Geschichte der Genossenschaftsidee - Teil 2

01. August 2021

Im ersten Beitrag hatten wir die Vorläufer von Genossenschaften vorgestellt.

Wichtig sind aber auch immer die Vordenker. Diese stammten aus den Reihen der Frühsozialisten wie Philippe Buchez (1796 - 1865) oder Jean Blanc (1811 - 1882). Sie hatten Überlegungen zu Produktivgenossenschaften, in denen die Beschäftigten auch Miteigentümer sind. Die Frühsozialisten wurden abschätzig auch oft Utopisten genannt, weil ihre Vorschläge von den meisten als nicht umsetzbar eingeschätzt wurden. Die Motive lagen bei den einzelnen weit verstreut, vom Umsetzen christlicher Liebe bis zum vernunftmäßig geleiteten Gerechtigkeitssinn. Die Deutschen spielten auch hier nur eine untergeordnete Rolle, man war hierzulande noch zu sehr mit Einheitsbestrebungen beschäftigt. Buchez war an der französischen Revolution von 1848 beteiligt, ebenso wie Blanc, der deren Geschichte im Nachhinein verfasste, allerdings vom Exil in London aus.

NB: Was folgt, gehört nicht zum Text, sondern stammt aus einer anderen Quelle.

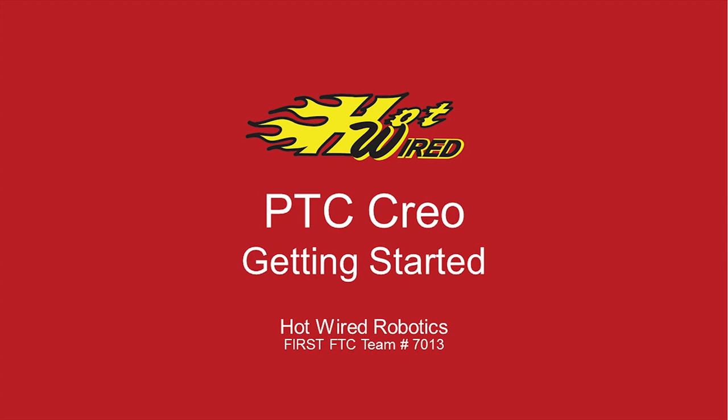Hi, this is Vilkul Kaladi from Hotwire Robotics team number 7013, and we just wanted to give teams a little introduction into PTC Creo and why it's useful in FTC, so let's get started.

Noch wichtiger sind dann aber die Menschen, die schließlich eine Idee aktiv umsetzen (ganz nach Karl Marx: „Es kommt nicht darauf an, die Welt zu beschreiben, sondern sie zu verändern“). Um die soll es hauptsächlich im Folgenden gehen. Robert Owen (1771 - 1858) gilt als der Begründer der modernen Genossenschaftsbewegung.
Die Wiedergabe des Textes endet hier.